▶ Task to complete
Would you write out all of the entries below, exactly as they stand?

▶ Source data

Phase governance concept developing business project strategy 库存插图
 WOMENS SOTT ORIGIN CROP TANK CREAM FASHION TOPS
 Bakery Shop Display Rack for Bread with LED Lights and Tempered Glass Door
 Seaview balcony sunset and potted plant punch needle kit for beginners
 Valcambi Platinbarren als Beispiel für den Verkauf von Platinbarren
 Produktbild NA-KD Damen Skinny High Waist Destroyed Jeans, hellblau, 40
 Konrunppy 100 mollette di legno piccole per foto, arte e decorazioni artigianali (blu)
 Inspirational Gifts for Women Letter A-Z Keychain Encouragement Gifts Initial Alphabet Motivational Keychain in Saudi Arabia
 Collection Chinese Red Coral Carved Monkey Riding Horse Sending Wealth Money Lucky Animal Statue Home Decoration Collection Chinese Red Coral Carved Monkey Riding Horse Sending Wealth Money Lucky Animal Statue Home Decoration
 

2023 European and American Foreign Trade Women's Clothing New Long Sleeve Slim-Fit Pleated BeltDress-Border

▶ Expected output
Phase governance concept developing business project strategy 库存插图
 WOMENS SOTT ORIGIN CROP TANK CREAM FASHION TOPS
 Bakery Shop Display Rack for Bread with LED Lights and Tempered Glass Door
 Seaview balcony sunset and potted plant punch needle kit for beginners
 Valcambi Platinbarren als Beispiel für den Verkauf von Platinbarren
 Produktbild NA-KD Damen Skinny High Waist Destroyed Jeans, hellblau, 40
 Konrunppy 100 mollette di legno piccole per foto, arte e decorazioni artigianali (blu)
 Inspirational Gifts for Women Letter A-Z Keychain Encouragement Gifts Initial Alphabet Motivational Keychain in Saudi Arabia
 Collection Chinese Red Coral Carved Monkey Riding Horse Sending Wealth Money Lucky Animal Statue Home Decoration Collection Chinese Red Coral Carved Monkey Riding Horse Sending Wealth Money Lucky Animal Statue Home Decoration
 

2023 European and American Foreign Trade Women's Clothing New Long Sleeve Slim-Fit Pleated BeltDress-Border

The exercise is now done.